TASK TO CARRY OUT –
Once the line holding "СУПЕР ОСТРЫЙ КЕТЧУП HEINZ (320 Г)" is found, output it and all remaining lines of the data exactly, with every picture left out.

EXTRACTED RECORDS –
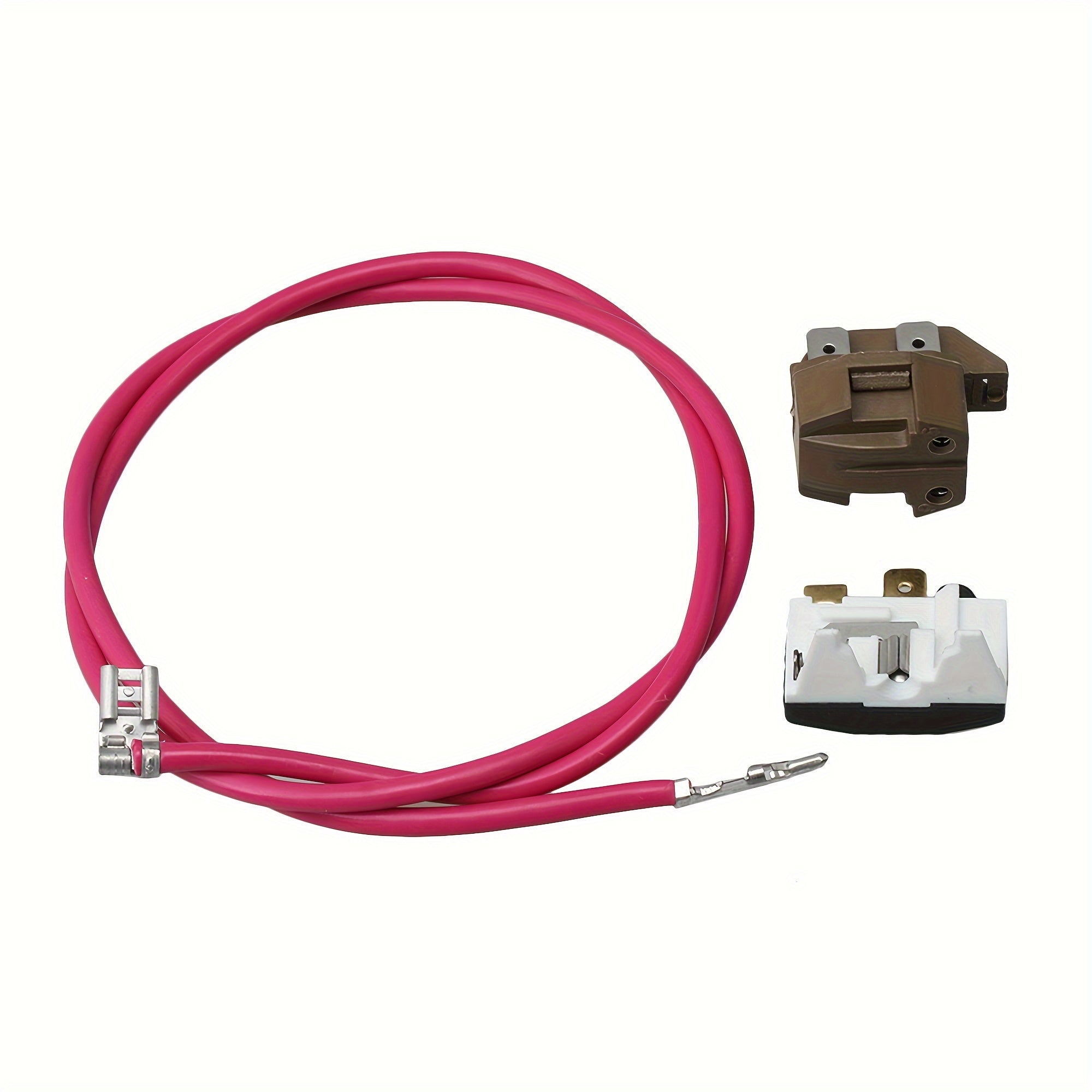 Pink Refrigerator Relay Kit for Freezers and Refrigerators Long-Lasting Plastic Metal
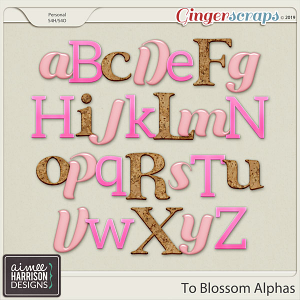 To Blossom Alpha Sets by Aimee Harrison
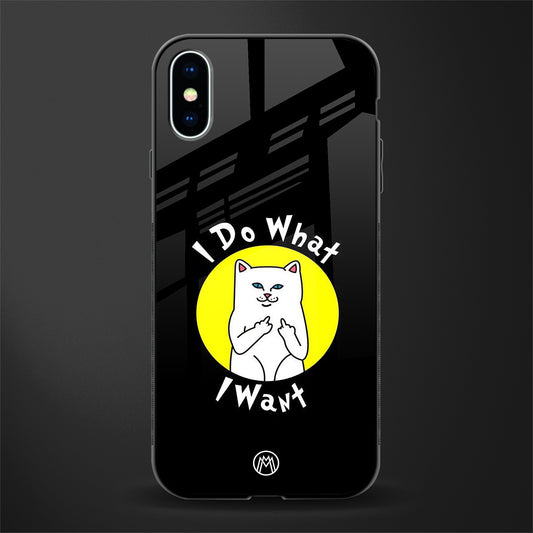 i do what i want glass case for iphone x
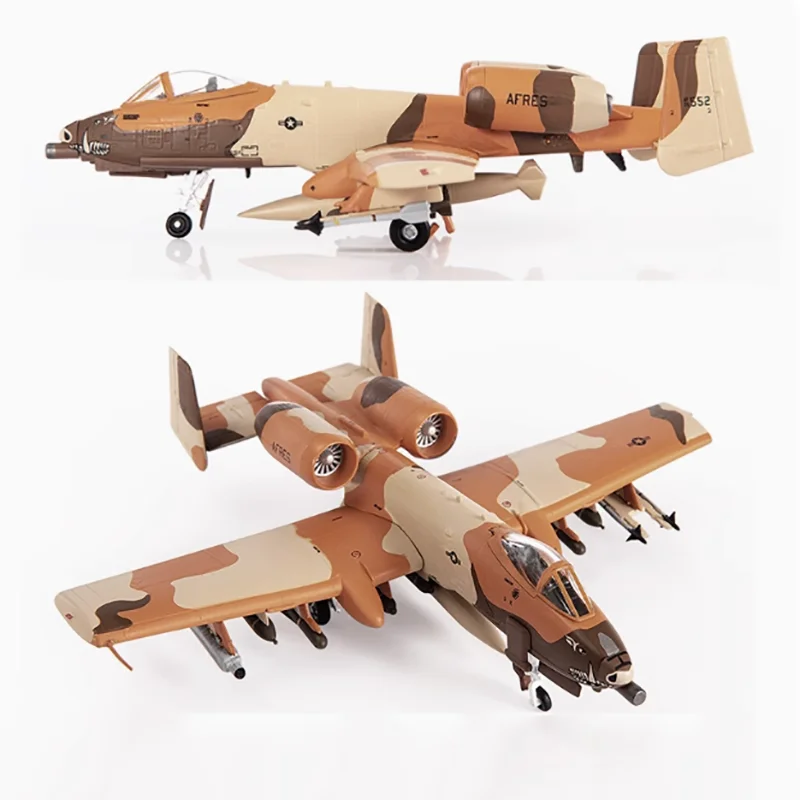 JC WINGS 1/144 Scale USAF A10 Warthog Attack aircraft 1990 Operation Desert Storm A-10 Alloy Aircraft Model Collection Display
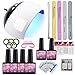 Produktbild Saint-Acior uv Nagellack Set Gelnägel UV Farbgel Starterset 24W UV/LED Lampe Nail Set UV Lacken Gellacken Nagelset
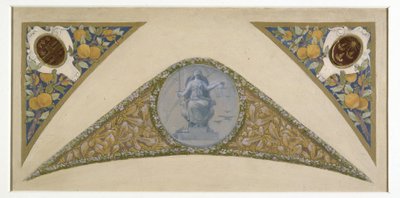 Entwurf für die Treppe des Festsaals im Hôtel de Ville de Paris: Waage von Luc-Oliver Merson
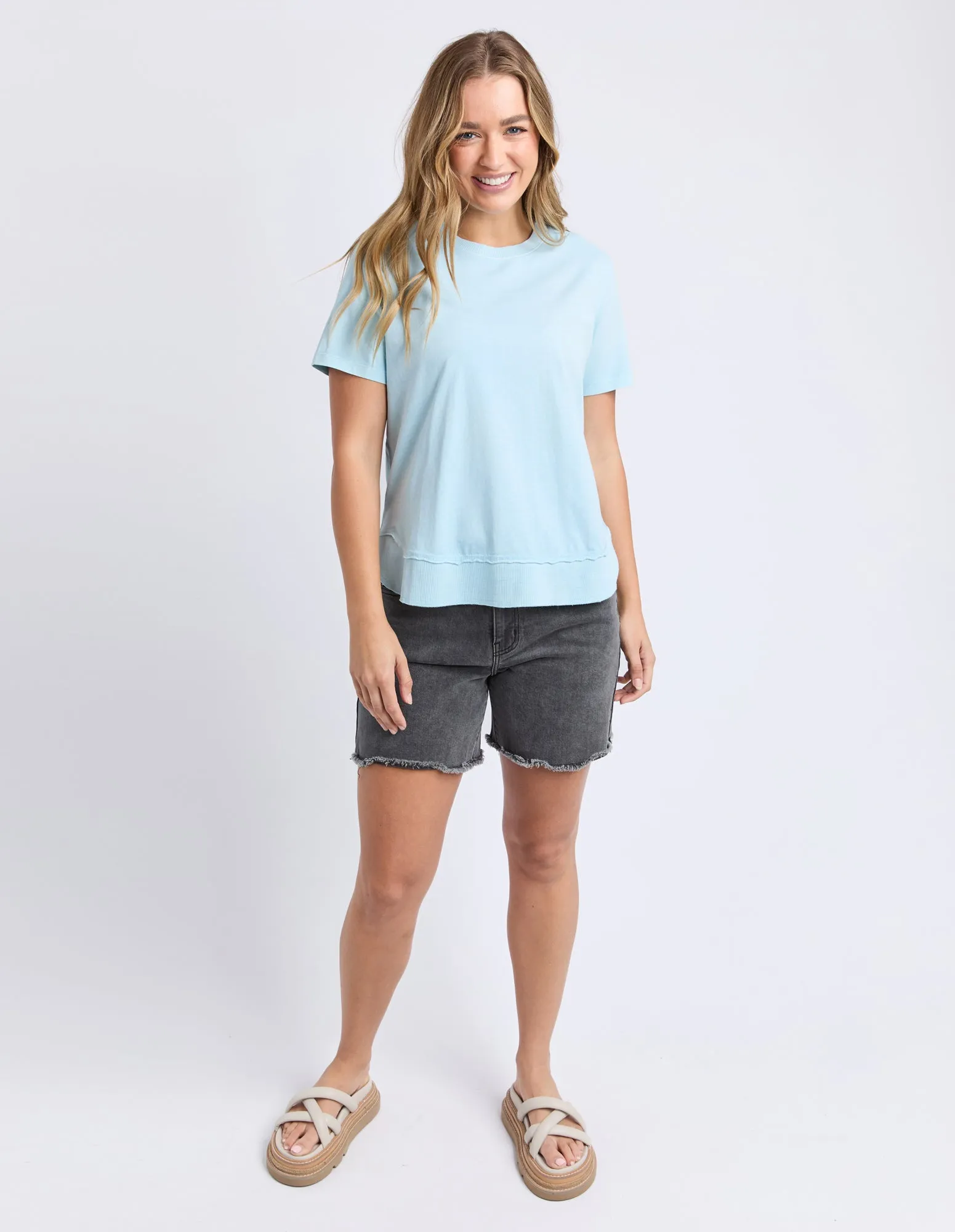 Farrah Tee Crystal Blue sold by Foxwood Clothing product image thumbnail 2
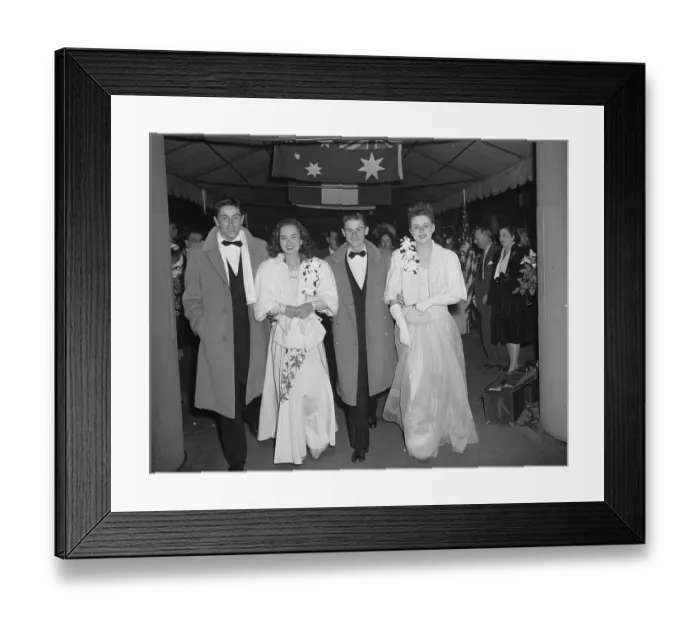 Framed Print : Movie Stars Arriving At Movie Premiere Framed Print : Movie Stars Arriving At Movie Premiere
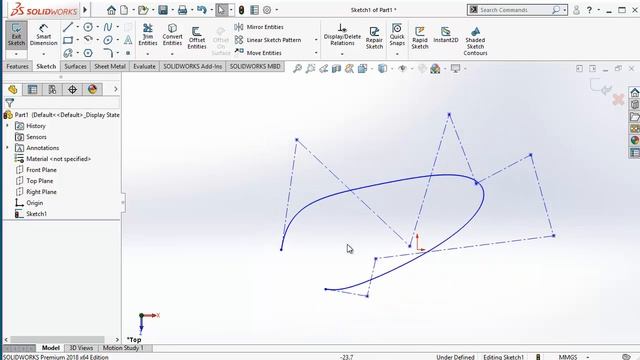 08 Types of Splines in Sketch in a Solidworks Part смотреть онлайн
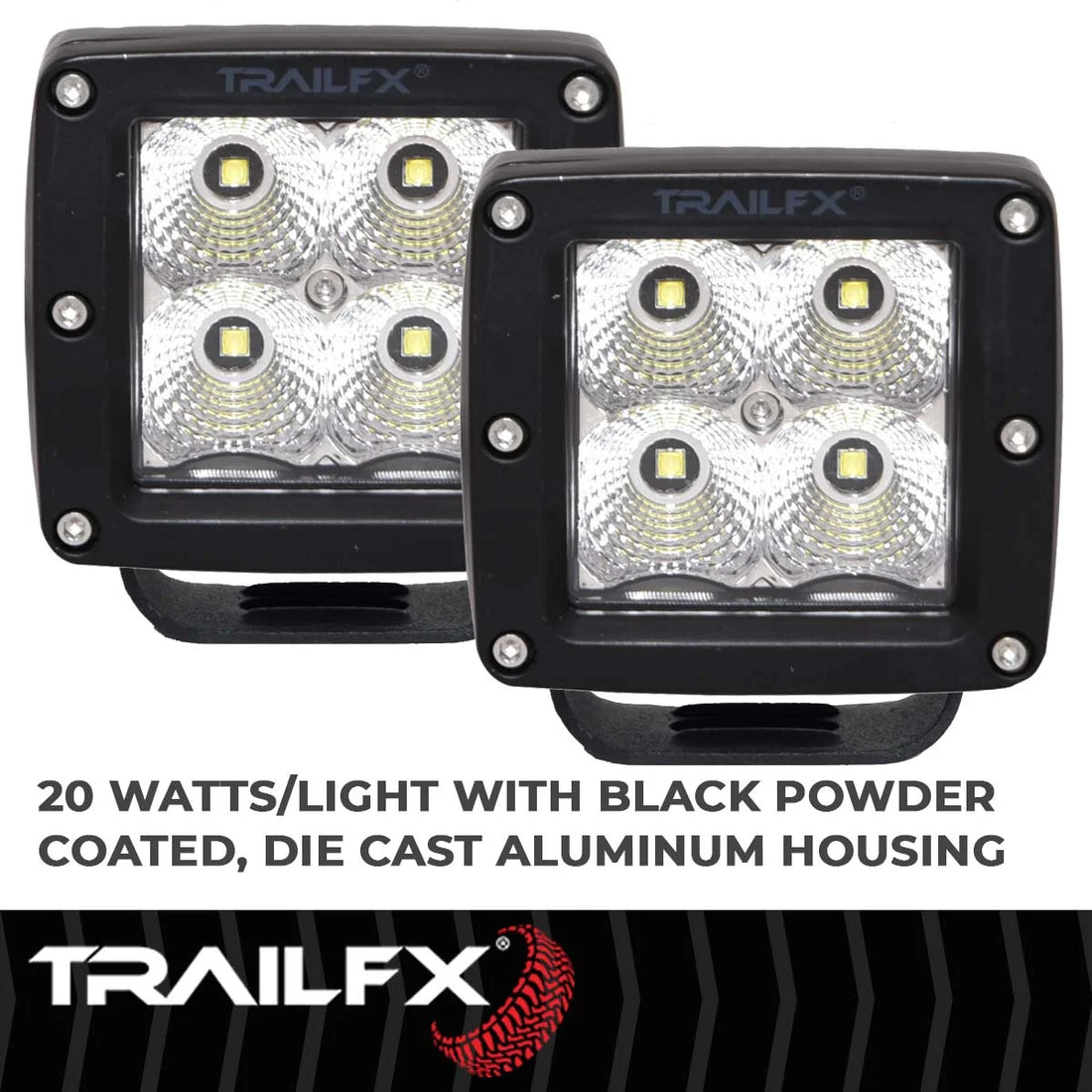 TrailFX With Wiring Harness/ Bottom Mounting Hardware 2X2CFPR - Installation View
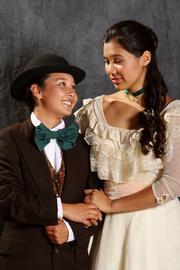 Kelci Hahn was Edwin Drood (left) and Andrea Matthews sang the role of Rose Bud in Y-NOT's production of <em>The Mystery of Edwin Drood.</em>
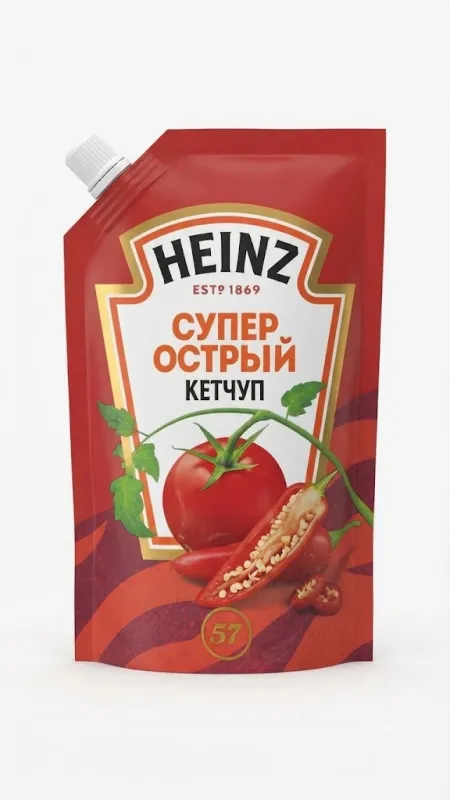 СУПЕР ОСТРЫЙ КЕТЧУП HEINZ (320 Г)
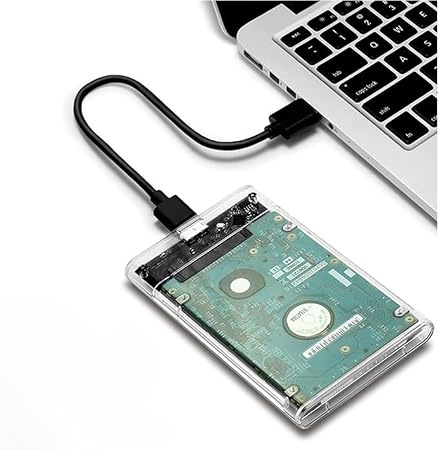 Transparent rack enclosure for  sata \ ssd hard disk 2.5 inch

SOLUTION FOR THIS TASK –
 СУПЕР ОСТРЫЙ КЕТЧУП HEINZ (320 Г)
 Transparent rack enclosure for  sata \ ssd hard disk 2.5 inch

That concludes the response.